Note the 3 downratings on her comment, presumably for calling out the bootlickers. She makes an important point, though — The Democrats have abandoned their position, and then used their retreat as justification for the abandonment. It’s not a popular fact, but you see it all the time these days in the “Do you want to be right or do you want to win?” arguments.

(I’ve never understood the benefit of ‘rating’ systems for comments–they strike me as just another way to re-arrange the bodies in a major pile-on. )

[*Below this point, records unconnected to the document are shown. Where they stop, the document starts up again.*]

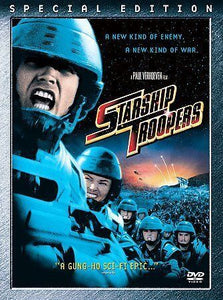 Starship Troopers Special Edition (Previously Owned DVD)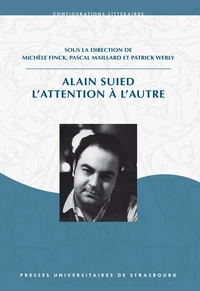 Alain Suied, l'attention à l'autre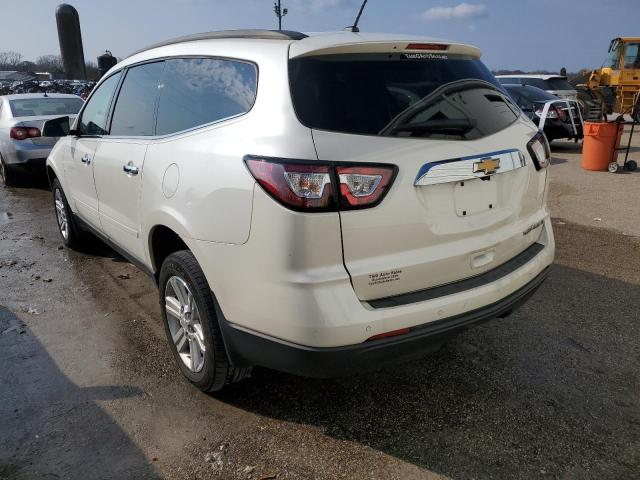 Photo 2 from auction – 2013 CHEVROLET TRAVERSE L with VIN 1GNKRGKD2DJ105413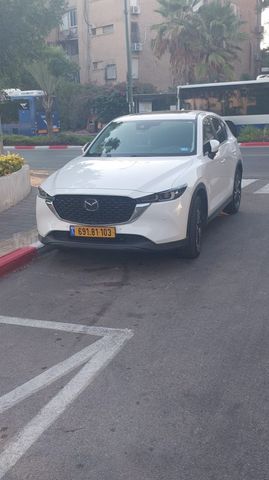 מאזדה CX-5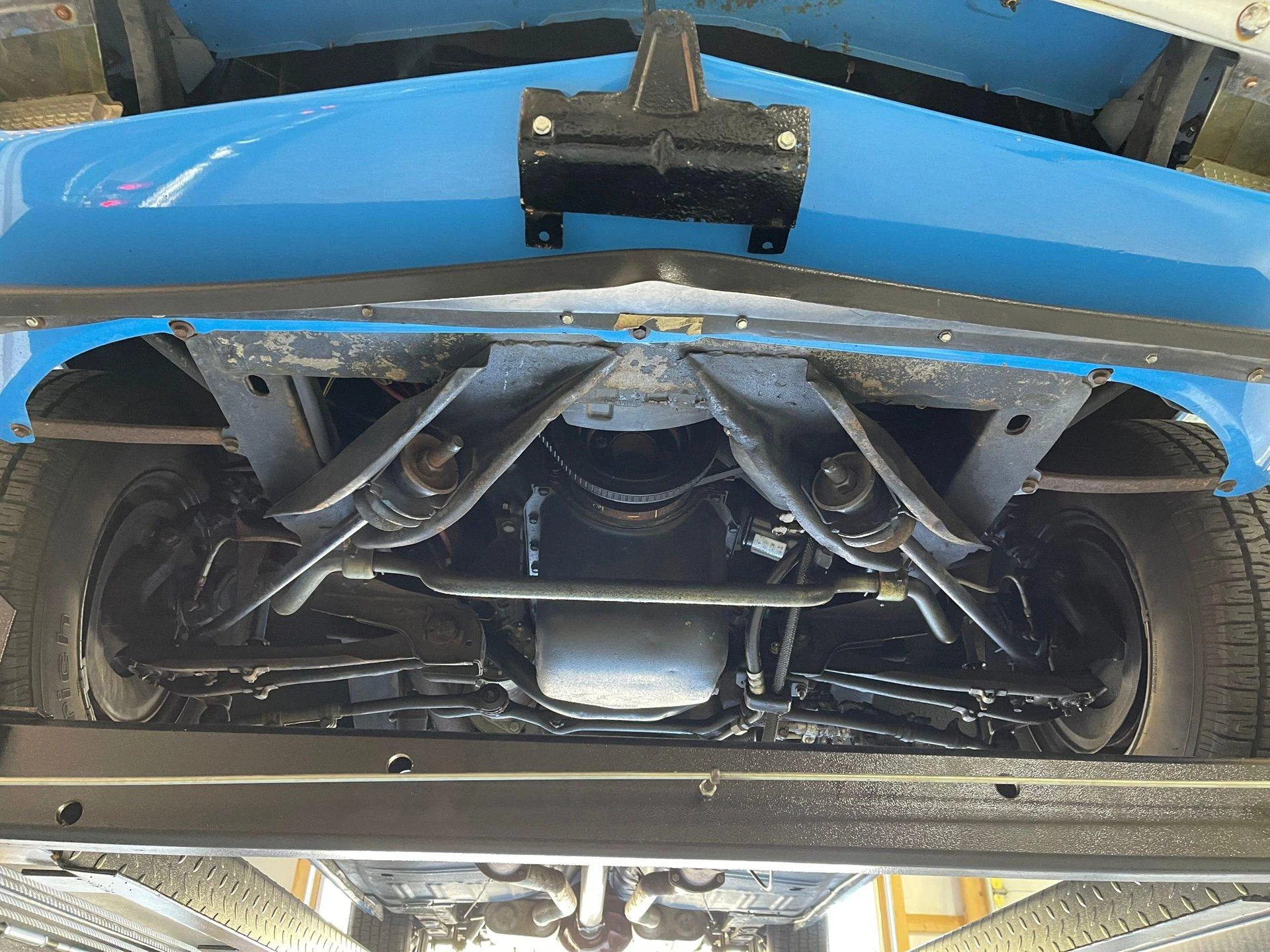 1970 Ford Mustang - Image 84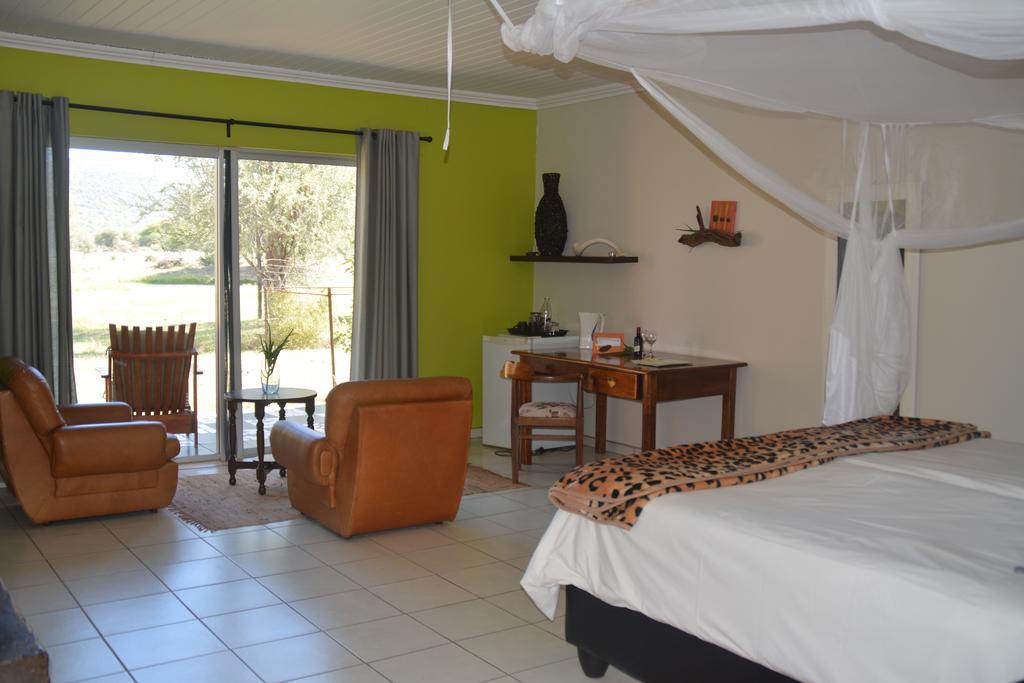 Gabus Game Ranch Vila Otavi Exterior foto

This highlights a growing, and disappointing, move in the DNC to ‘compromise’ on issues like abortion and rights for gays: backing away from some of the support for abortion in the ranks of the party, as well as urging gays to be patient in regards to their rights. We are, rather frequently, reminded of how much ‘worse’ it can be if the other party wins. We are asked to think of the big picture, and the long-term: of winning now, to gain later.

Oddly enough, this isn’ t the first time that the DNC has encouraged women and other ‘political minorities’ to be patient. Back in the early 1900’s, women’s rights were tied into support for the Democratic party at the time, including support for Woodrow Wilson as President.

Burns and Page, though, refused to endorse Wilson because he had not followed through on a promise to bring about the vote for women. They so outraged the Democratic Party, which after all had counted on the women’s vote in those states where it was legal, that the Party hired counter-protestors to assure the populace that the rights of women were always on the minds of the DNC.

Not to be deterred, another method Burns and Paul devised to fight for women’s rights was based on tactics used in the suffrage movement in the UK. They started a silent protest out in front of the White House, the first of its kind practiced in the United States.

The women would take banners proclaiming their hopes, and anger, and would stand silently on the walk in front of the White House, on either side of the main entry gates. This vigil continued peacefully enough, and even earned sympathy, until the United States entered World War I. In the past women had given up their fight for suffrage during times of war, most particularly the Civil War, and the assumption was that women would do the same in these circumstances. After all, how could women distract the government at a time when good American boys were dying overseas?

This time, though, the women who continued this protest–several hundred strong–wouldn’t back down on the issue, and continued the silent protest.

The populace turned on the women protestors, accusing them of being traitors for not giving unquestioning loyalty to Wilson. The government arrested them on trumped up charges of obstructing traffic, and sentenced them to two months service in a working prison or ten dollars fine–expecting the women to pay the fine (and hopefully bankrupt the coffers of the organization). Instead, the women chose prison time, saying that to pay the fine would admit guilt and they were not guilty of anything but standing up for their rights. Over two hundred would end up serving sentences of several months duration in Occoquan, a work prison in Virginia.

By all accounts, Occoquan was a hell hole, and the women were demeaned and treated harshly, as if they were common criminals rather than political detainees. To protest the conditions in the prison, Paul went on a hunger strike and was eventually force fed. Others joined the strike and the publicity derived from their efforts and the treatment afforded them eventually forced Wilson into publicly leading the cause for an amendment granting women the right to vote–calling the move a needed “war measure”, to save face.

Wilson had no choice. To do otherwise, to ignore those so determined, would be political suicide for the Democratic Party.

By the by, I’m still voting Green.

(Pointer to discussion from Lauren: my number one source on all things feminist.)